Sometimes we face such situations in our business that it becomes difficult to tackle. So in that situation, we take over our business to someone and not even business, so few business assets such as product departments, subsidiaries, property etc. This process is called Business divestiture.
Owners sell their assets with some hope that they will get some benefit in return and that benefit can be anything. Business divestiture also has many reasons that the business owner had lost his business and was unable to invest further for the growth of the business. Therefore, he gives the entire deposited business to someone and takes a better return.
Sometimes, what happens is that even after continuously investing in business, there is no profit. Even after investing money in the market for business improvement, the customer is not able to attract, so the business has to adopt the path of business divestiture.
It’s not that business divestiture is the sale of only business assets, we can sell the entire business for some motive. For example: Suppose you are running a business and you are facing losses continuously in business such as marketing, production, sales department after investing so much, now you want to wind up this business or take over someone. So then your expectations will also be some that you get some like money, shares, bonds, etc. So this is also known as business divestiture.
Type of Business divestiture
- Getting money: When business owner sells his business or some of his properties to solve some financial issues, manage or improve cash flow issues. For example you need money so you have to sell some equipment or property such as land.
- Bankrupt: Suppose you had taken a business loan and now you are unable to repay the instalments of business loan, you will be bankrupt, meaning whatever you have given to the bank in the form of security will be all theirs and the bank will take over the entire business. The business will be closed and the bank will sell it to anyone but the owner will not get anything such as money. This is called business bankruptcy.
- Take over an entire business to someone: Suppose you have a reputed business and now you don’t have enough money to run your business so now you want to take over your business to another one such as friends, other entrepreneur, firm, etc.
- Closing one branch: Suppose you are running your business in more than one location.

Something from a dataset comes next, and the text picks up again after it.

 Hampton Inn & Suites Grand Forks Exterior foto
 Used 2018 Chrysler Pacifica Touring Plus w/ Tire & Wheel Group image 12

In simple words, you have more than one branch of your business so now you want to close your one branch because more of your customers are at another branch location, they are not able to become more customers. This is also called business divestiture.
- Selling business assets: Suppose your production department is no longer doing well and you are not getting profit from it so you can focus on the new product or services, which means change your products for better production. This is also known as business divestiture.
Reasons of divestiture
- Lack of investment: Business divestiture happens only when the business owner doesn’t have money to invest so the business owner decides to sell some of his business assets to another firm or another one.
- Lack of talent: Business divestiture happens only when business owners are unable to put their mind on the right place, they need new ideas, technology to run the business.
- Drastic environment: Every business needs to be changed according to technologies, environment, strategies so sometimes the owner can’t adjust himself into these changes.